Presenting a hazy picture
indoex began in 1996 and was conducted over four years during the winter season. In winter, before the Indian summer monsoon, the surface wind flows in the northeast direction over the Indian subcontinent and the surrounding region. These winds help in transporting a number of suspended particles from the continent to the ocean surface. The polluted northeast winds cover almost the entire region lying north of what is known as the Inter Tropical Convergence Zone (itcz). Bound by the landmasses of Arabia, Africa in the west and the Southeast Asian regions, Myanmar, Thailand, Malaysia in the east, itcz is an area of low pressure situated near the equator where northeast winds meet southeast winds. At the same time, on the south of itcz, the air is relatively pristine and almost uninfluenced by continents.

The indoex project found that the quantity of particulate matter found hundreds of kilometres away from the source over the Indian Ocean was comparable to suburban air pollution in North America and Europe. Chemical analysis of the haze has revealed that as much as 85 per cent of the giant haze layer was due to human made aerosols with anthropogenic sources like fossil fuel burning, industrial emissions and biomass burning. The composition of particulate matter was quite uniform over the northern Indian Ocean. A typical pollutant particle originating from an anthropogenic source consisted of 10-15 per cent of black carbon, 26 per cent of organic, 32 per cent of sulphate, 10 per cent of mineral dust, five per cent of fly ash and smaller fractions of other chemicals. Black carbon and fly ash are human produced, and sulphate can also be attributed to anthropogenic sources to a large extent. Black carbon particles were always mixed with organic compounds and sulphates (see graph: Of black carbon...) .

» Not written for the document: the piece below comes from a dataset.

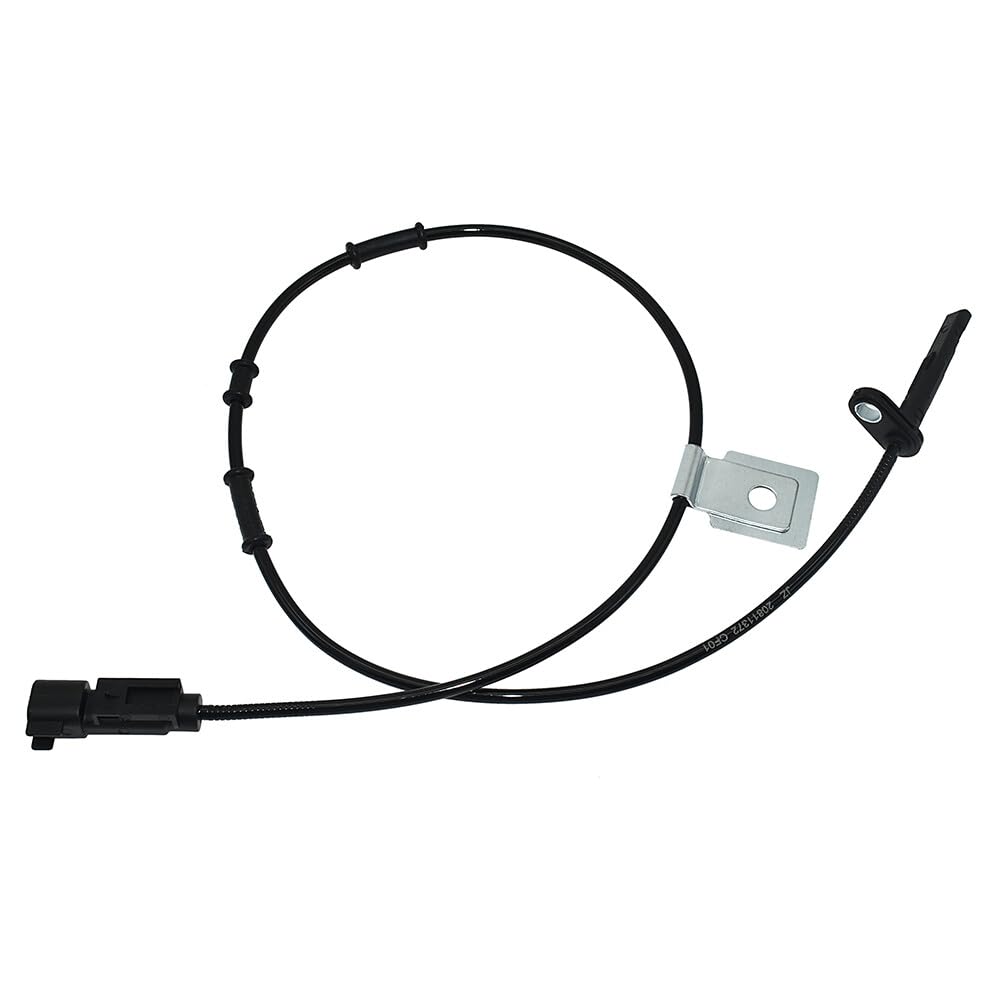 ya 12 10.8 baidi Front Left Side ABS Wheel Speed Sensor for 2010-17 for Chevrolet Equinox for GMC Terrain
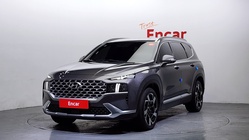Hyundai Santa Fe 2020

Further evidence of the extent of pollution came from measuring aerosol optical depth (aod) values for the northern and southern Indian Ocean. aod is the approximate number of aerosols in a vertical path through the atmosphere relative to the standard number of aerosols in a similar path through a clean, dry atmosphere at sea level. Measurements taken by the Indian vessel Sagar Kanya during January to March from 1996 to 1999 showed that aod varies from about 0.05 (typical of unpolluted air) in the southern Indian Ocean to between 0.4 and 0.7 (very polluted) north of the equator over the Arabian Sea and the Bay of Bengal (see graph: Crowded region). The haze also disturbs the self-cleaning efficiency of the atmosphere by reducing the amount of hydroxyl radical (oh), a major oxidising chemical in the lower atmosphere. Most gases and air pollutants emitted into the atmosphere by human activities and natural processes and involved in ozone depletion or global warming are removed by reacting with oh.

The black carbon content of the haze was high, making it highly absorbant of sunlight. Depending on the type and composition of particulates, they scatter or absorb solar energy in the atmosphere. Sulphates and nitrates are known to scatter sunlight back into the space, thus reducing the amount of energy absorbed by the Earth and cooling it. Black carbon or soot particles heat the atmosphere by absorbing solar energy due to their darker colour and hence warming the surrounding air.

Observations and results from indoex are being fed into various climate models to study the impact of the vast stretch of pollution over the Indian Ocean on temperature, rainfall and hydrological cycle. The models are general circulation models (gcm) with fixed ocean temperature (gcm-fo), mixed layer ocean (gcm-mo) and fully coupled ocean model (gcm-co). The results are indicative of a much larger phenomena over the Indian Ocean and its wind circulatory systems, say scientists.